10

I want to build a multi-class classification model for which I have conversational data as input for the BERT model (using bert-base-uncased).

QUERY: I want to ask a question.
ANSWER: Sure, ask away.
QUERY: How is the weather today?
ANSWER: It is nice and sunny.
QUERY: Okay, nice to know.
ANSWER: Would you like to know anything else?

Apart from this I have two more inputs.

I was wondering if I should put special token in the conversation to make it more meaning to the BERT model, like:

[CLS]QUERY: I want to ask a question. [EOT]
ANSWER: Sure, ask away. [EOT]
QUERY: How is the weather today? [EOT]
ANSWER: It is nice and sunny. [EOT]
QUERY: Okay, nice to know. [EOT]
ANSWER: Would you like to know anything else? [SEP]

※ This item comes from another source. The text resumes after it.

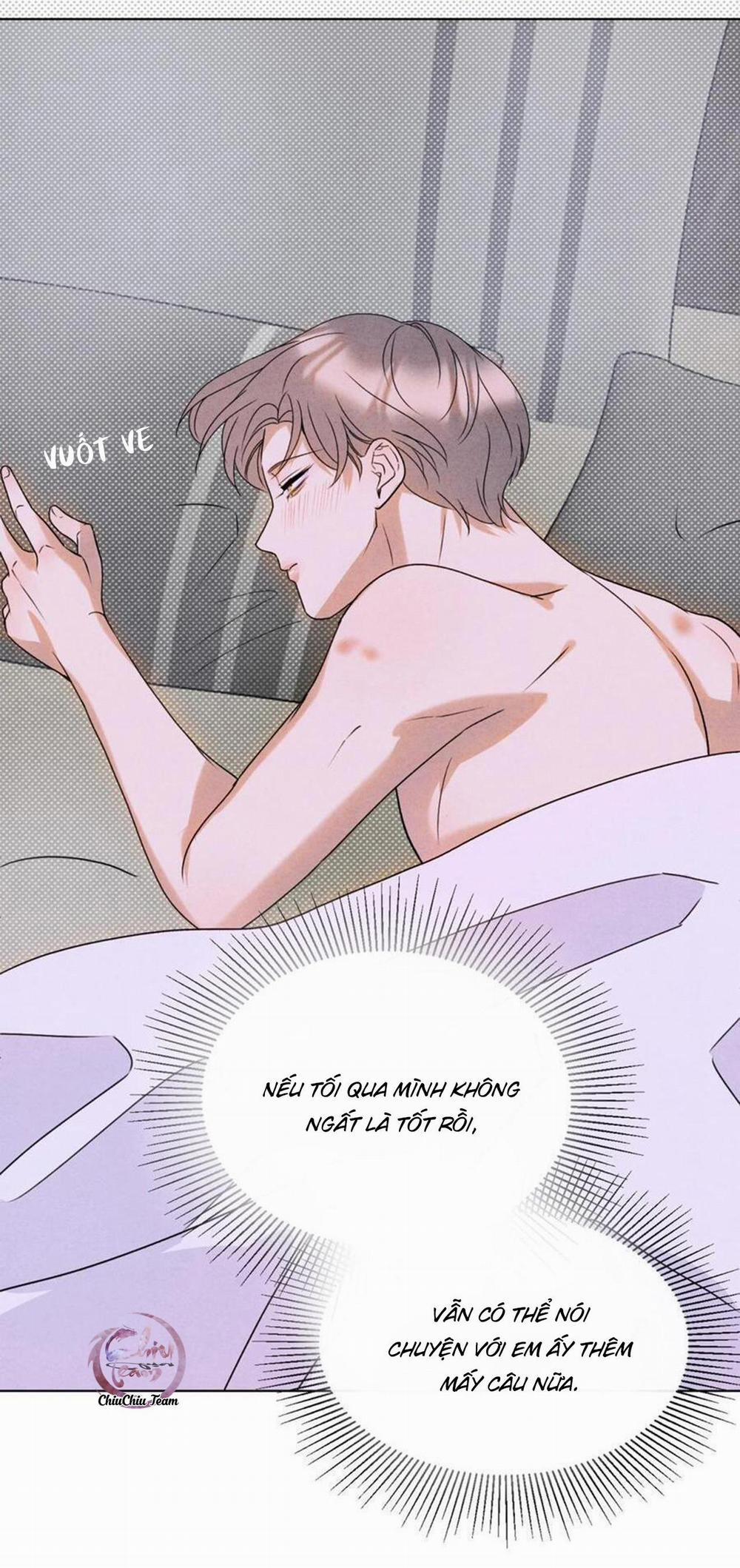 Anh Trai Rẻ Tiền Của Tôi 37 trang 3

But I am not able to add a new [EOT] special token.
Or should I use [SEP] token for this?

EDIT: steps to reproduce

from transformers import AutoTokenizer, AutoModelForSequenceClassification
tokenizer = AutoTokenizer.from_pretrained("bert-base-uncased")
model = AutoModelForSequenceClassification.from_pretrained("bert-base-uncased")

print(tokenizer.all_special_tokens) # --> ['[UNK]', '[SEP]', '[PAD]', '[CLS]', '[MASK]']
print(tokenizer.all_special_ids)    # --> [100, 102, 0, 101, 103]

num_added_toks = tokenizer.add_tokens(['[EOT]'])
model.resize_token_embeddings(len(tokenizer))  # --> Embedding(30523, 768)

tokenizer.convert_tokens_to_ids('[EOT]')  # --> 30522

text_to_encode = '''QUERY: I want to ask a question. [EOT]
ANSWER: Sure, ask away. [EOT]
QUERY: How is the weather today? [EOT]
ANSWER: It is nice and sunny. [EOT]
QUERY: Okay, nice to know. [EOT]
ANSWER: Would you like to know anything else?'''

enc = tokenizer.encode_plus(
  text_to_encode,
  max_length=128,
  add_special_tokens=True,
  return_token_type_ids=False,
  return_attention_mask=False,
)['input_ids']

print(tokenizer.convert_ids_to_tokens(enc))

Result:

['[CLS]', 'query', ':', 'i', 'want', 'to', 'ask', 'a', 'question', '.', '[', 'e', '##ot', ']', 'answer', ':', 'sure', ',', 'ask', 'away', '.', '[', 'e', '##ot', ']', 'query', ':', 'how', 'is', 'the', 'weather', 'today', '?', '[', 'e', '##ot', ']', 'answer', ':', 'it', 'is', 'nice', 'and', 'sunny', '.', '[', 'e', '##ot', ']', 'query', ':', 'okay', ',', 'nice', 'to', 'know', '.', '[', 'e', '##ot', ']', 'answer', ':', 'would', 'you', 'like', 'to', 'know', 'anything', 'else', '?', '[SEP]']

2 Answers 2

13

As the intention of the [SEP] token was to act as a separator between two sentence, it fits your objective of using [SEP] token to separate sequences of QUERY and ANSWER.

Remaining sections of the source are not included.